A FAMOUS GROUSE
FUNNY how, in one of his infrequent appearances in the National Assembly, Jacob Zuma, or “President Gupta” as he is now known, should suggest that opposition MPs who boycotted his closing speech on the budget debate were neglecting their parliamentary duties.
Funnier still was his dismissal of the “allegations and rumors” of state capture by the Guptas, which came even as leaked emails and documents continue to disgorge an embarrassment of riches to the contrary.
As the President pointed out to the empty opposition benches, he does indeed enjoy laughing.
What else can you do but laugh? Especially when your popularity has plummeted so dramatically in recent months.
Several commentators have suggested Zuma’s popular support is down to about 20%. Which is a bit embarrassing when you consider that about 60% of the population still support the party he leads. Can there be such a thing as an unpopular populist politician?
That aside, Zuma certainly did seem a bit more cheerful and jauntier as he railed on about politicians who believe in their own propaganda and what have you than he was at the weekend’s ANC national executive committee meeting in Pretoria.
There, in his closing remarks, Zuma had laid into his critics in the NEC who had supported senior party strategist Joel Netshitenzhe’s motion calling on him to resign, even threatening them. “I have been quiet because I don’t want to harm the ANC, so continue attacking me in the media and you will see.”
Such talk is not to be taken lightly. Just ask Solly Mapaila, the second deputy general secretary of the SA Communist Party and an outspoken critic of Zupta Inc.

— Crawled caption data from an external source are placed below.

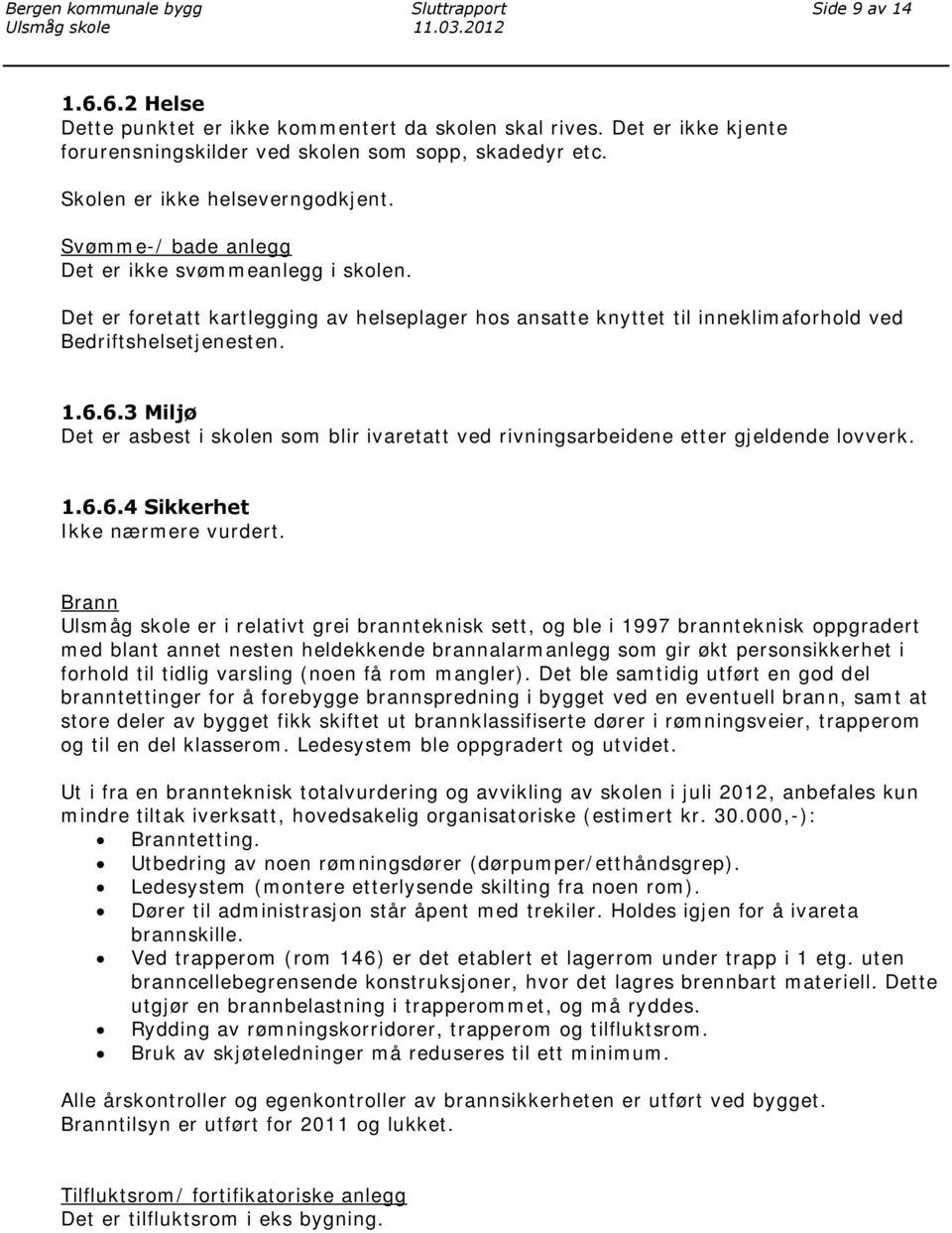 Det er foretatt kartlegging av helseplager hos ansatte knyttet til inneklimaforhold ved Bedriftshelsetjenesten. 1.6.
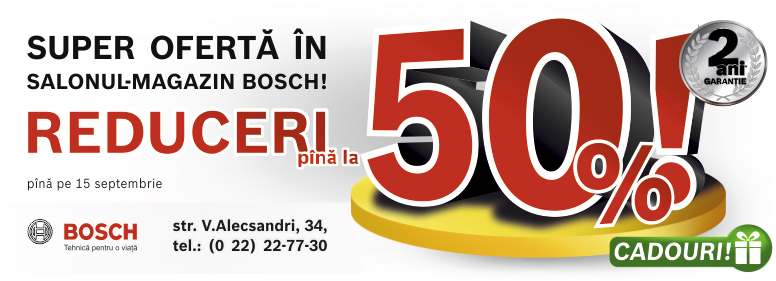 Bosch: Cadou şi reducerii de până la 50%!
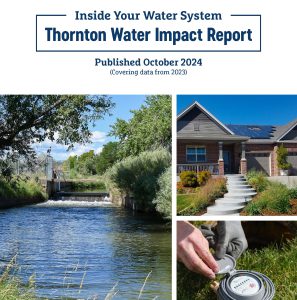 Cover of the Inside Your Water System Thornton Water Impact Report, published October 2024 (covering data from 2023).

A bunch heavies calling themselves the MK Foundation began protesting outside Mapaila’s home on Tuesday, with a TV crew from the Gupta-owned ANN7 channel in tow, in what the SACP claims was an orchestrated act of intimidation directed at their leader and his family.
Interestingly, Economic Freedom Fighters leader Julius Malema had warned Mapaila in a tweet the day before that he was being threatened because “the old man is not happy with him and anything is possible”.

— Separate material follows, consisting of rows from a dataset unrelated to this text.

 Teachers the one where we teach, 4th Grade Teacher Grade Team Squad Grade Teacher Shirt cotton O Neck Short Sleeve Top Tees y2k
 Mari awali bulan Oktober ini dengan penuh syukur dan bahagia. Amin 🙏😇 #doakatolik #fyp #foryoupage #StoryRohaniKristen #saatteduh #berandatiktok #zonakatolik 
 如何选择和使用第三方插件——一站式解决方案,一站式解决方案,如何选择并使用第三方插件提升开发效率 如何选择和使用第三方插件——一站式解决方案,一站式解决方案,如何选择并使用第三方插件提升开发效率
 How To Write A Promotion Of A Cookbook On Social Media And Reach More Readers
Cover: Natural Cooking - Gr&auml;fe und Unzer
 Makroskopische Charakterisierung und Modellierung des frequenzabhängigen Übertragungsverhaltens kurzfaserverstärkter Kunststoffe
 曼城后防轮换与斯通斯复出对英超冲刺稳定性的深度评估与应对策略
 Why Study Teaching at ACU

Although we won’t admit it now, but there certainly were some of us who believed that with the tabling of Netshitenzhe’s motion there was a good chance that Zuma would be ousted.
Contrary to reports that more than half of the NEC’s members were opposed to Zuma, only 23 voted for the motion. Still, at least 18 members did speak out against him. And rather than leave the room, he chose to remain and listen to his detractors.
What they said must have enraged Zuma. He tore into the Gauteng ANC leadership in particular, saying that they couldn’t blame him for their embarrassing losses in the municipal elections and suggested it was their own fault, bizarrely, as they had refused to hand out T-shirts bearing his name when they campaigned in the province.
Such utterances speaks volumes of the contempt for voters. And don’t think the voters don’t notice.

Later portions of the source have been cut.